En effet, même sous l’effet de la peur
et du désespoir, on voit mal pourquoi ces prisonniers tenteraient de
convaincre leurs bourreaux d’être « pacifiques »
alors que visiblement, leur âge, leur présence en zone militaire (le
site est dominé par un mirador que l’on aperçoit après 1min. et 55 sec.)
et la tenue de la plupart d’entre eux indiquent bien qu’ils sont
militaires.
En se déclarant sunnites, ils espèrent
pouvoir obtenir une grâce de la part de leurs bourreaux du Front Al
Nosrah, la branche syrienne d’Al Qaïda (l’exécution est revendiquée en
fin de vidéo).
Mais à leur grand malheur, aucune parole
ne semble apaiser la colère des djihadistes.
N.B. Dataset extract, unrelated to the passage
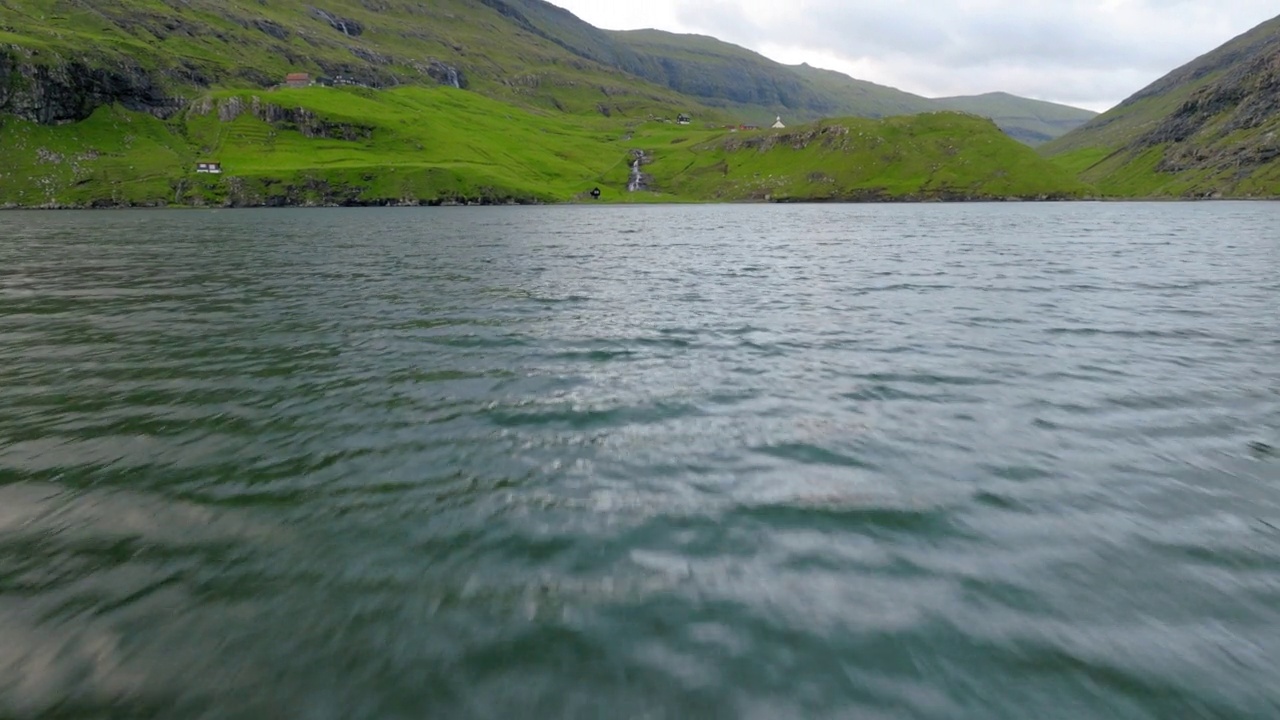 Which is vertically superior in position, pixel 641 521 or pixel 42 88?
pixel 42 88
De ces prisonniers, les
rebelles ne feront aucun prisonnier.
Si cet épisode sanglant peut paraître
banal voire mineur au regard d’autres horreurs commises en Syrie,
l’argument auquel se raccrochent désespérément les militaires capturés
mérite une attention particulière dans la mesure où il est révélateur de
la terreur sectaire que fait régner l’insurrection.
Chaque jour, des Syriens sont assassinés par les rebelles parce qu’ils n’ont pas la « bonne » confession, en particulier les alaouites.
Partisans ou opposants au régime de
Damas, tous les Syriens le savent. En revanche, les observateurs
occidentaux préfèrent taire ou minorer cette réalité pour « ne pas faire le jeu du régime ». Et justement, « ne pas faire le jeu du régime » est devenu la devise et l’étendard de la guerre psychologique menée contre Damas.
Loin de toute considération
stratégico-idéologique, le jour de la publication de la dépêche Reuters
controversée, un opposant syrien de la ville de Hassaké interviewé par
l’agence de presse catholique Fides ayant requis l’anonymat a lui aussi constaté le caractère confessionnel et sectaire de la rébellion armée :
« Les alaouites ont subi le sort le plus dramatique : tués parce qu’alaouites. » reconnaît-il.
Et d’ajouter : « L’une
des victimes étaient un instituteur qui a beaucoup aimé la ville et a
instruit pendant de nombreuses années les enfants de toutes les
familles. Des miliciens l’ont cherché, pris et tué devant son épouse et
ses enfants qui ont été pris en otage. »
Les témoignages de ce genre qui
attestent qu’un génocide anti-alaouite est en cours nous parviennent
tous les jours de Syrie. Ils sont totalement accessibles à ceux qui
veulent bien les voir et les entendre. Pour peu que les agences de
presse comme Reuters veuillent bien les reproduire avec l’honnêteté et
la rigueur requises.
Bahar Kimyongür
Investig’Action, 3 décembre 2012.
Investig’Action, 3 décembre 2012.
Bahar Kimyongür est l’auteur de Syriana, la conquête continue, Ed. Couleur Livres & Investig’action, 2011 et porte-parole du Comité contre l’ingérence en Syrie - CIS.